Also, the Real Problem with Fried Chicken.
Recently I was in the Land of Fun known as the laundromat, and a story came on the radio about how people were found to be happier later in life than in their twenties. Whoa. Newsflash!!! Anyway it went on to say that as people got older and went through more adversity they were better able to cope and stay in balance. The owner of the laundromat was there, swishing a mop around and suddenly that mop went ballistic. UNTIL YOU DON’T! he yelled. YOU’RE NOT BETTER ABLE TO COPE!! and so forth. He turned a bit pink and I reminded him to breathe and lower his shoulders. I happen to know that he’s had a pretty large adversity serving the past few years, and I said: True. You cope til you don’t. Then you have a massive snap fest, wind up face down on broken glass, struggle to get up and wait til the cuts heal. He actually laughed, looked at me, and said that somehow he knew I’d get it. I was, after all, the one who was there the day the Big Washer Broke and the entire laundromat was two feet deep in water in about 15 minutes. A man wearing a t-shirt saying he’d given himself to Jesus made a call to the posted emergency number that was so astonishingly inchoate it made me glad Jesus accepted the poor lamb. I may have mentioned all this at the time. Anyway, I called the number, rustled up some help and soothed the jangled nerves of the person on the other end of the phone who was still assimilating the incoherent prior call. IN the meantime, before help arrived suddenly the water? was up to the washer bottoms and sizzling noises were beginning to happen. I was in rubber shoes, too. What to do? All the dryers were running and the washers were starting to sound ominous. With help from a handsome young man (where’d HE come from???) I found the water turn off on the original, offending washer, opened the doors to the laundromat and whooshed water out. Given we’re in a drought the resident birds were delirious with joy, taking baths and drinking in the now torrential flow. The cavalry arrived shortly and all was more or less well. In any event the laundromat owner thinks I’m a good person. I’ll take it.

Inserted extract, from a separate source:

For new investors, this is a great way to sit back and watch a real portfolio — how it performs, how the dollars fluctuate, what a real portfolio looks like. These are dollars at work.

Perhaps this is what they’re talking about, in saying that you’re happier as you get older. What I think it is? Is you just know at long last that not only is there no time to waste, there is DEFINITELY no time to freak out. I suppose that can give a person a sense of calm mastery from time to time. While they’re picking broken glass out of their face. After an until you don’t moment.
So. After another more recent day during which tempers flared, milk spilled, and I indulged in some blubbing while cleaning up and sorting yet again through the boxes in my storage shed known that day as MY RUINED LIFE, I thought actually about the laundromat flood and ensuing kafuffle. Thought about how really having to be right about things is missing the point (re flaring tempers and just who Jesus will save), and how spilled things are just spilled things and you do the best you can with the Whole thing. In the spirit of snap fest past, I decided to do something I’d never done before. Which is make fried chicken.

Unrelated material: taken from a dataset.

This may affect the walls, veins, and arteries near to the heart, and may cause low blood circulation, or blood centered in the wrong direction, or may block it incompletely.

My mother was, I think now, pathologically concerned with me not being overweight. I became well acquainted with cottage cheese and Ry Krisp. And thank God, not fat. In any event we didn’t have fried chicken much and I thought: too hard to make. Too messy. FATTENING. See where this is going? Another thing I thought I couldn’t do. And now I’m getting a message that my draft isn’t being saved so we’ll see if I can even do THIS.
Anyway, the real truth about fried chicken is this. It is as easy to make as falling off a log. Easy, we may say, peasy. The problem then becomes you can have it WHENEVER YOU WANT. It doesn’t even have to be unhealthy if you use the right oils and keep temperature. That still doesn’t make it something you should have every day or even every week. It’s something you have to hold in regard and have once in a while. It is, thus, one of those things in life that’s like a tiny party you can have for yourself when you’re picking the broken glass out of your face yet again. And this, I thought, was quite a wonderful revelation.
It seems to me that if we all remembered that we can step forward in adversity, and there are rewards and joys no matter what happens, especially if we put the other person’s feelings and well being at least on a par with our own (I was actually worried about the laundromat guy’s water bill that day- almost as much as I worried about my own imminent electrocution)(the Partner had been mooning around about fried chicken, so even though I was Mightily Peeved with him at the time…..), we might even survive this ghastly election. Anyway, we need to and to do that, getting back to basics seems to be in order. In that vein I feel happy to be the one to tell you you can in fact make your own celebratory fried chicken in the event you can find a decent chicken. You can coordinate with people you don’t agree with, might not like even a tiny bit. It all moves things forward in a positive way. Instead of a fear based, anger mongering, stupidity exacerbating way which seems to be disturbingly pervasive. Onward, then. And as Jacques Pepin says, happy cooking- which covers a LOT of ground.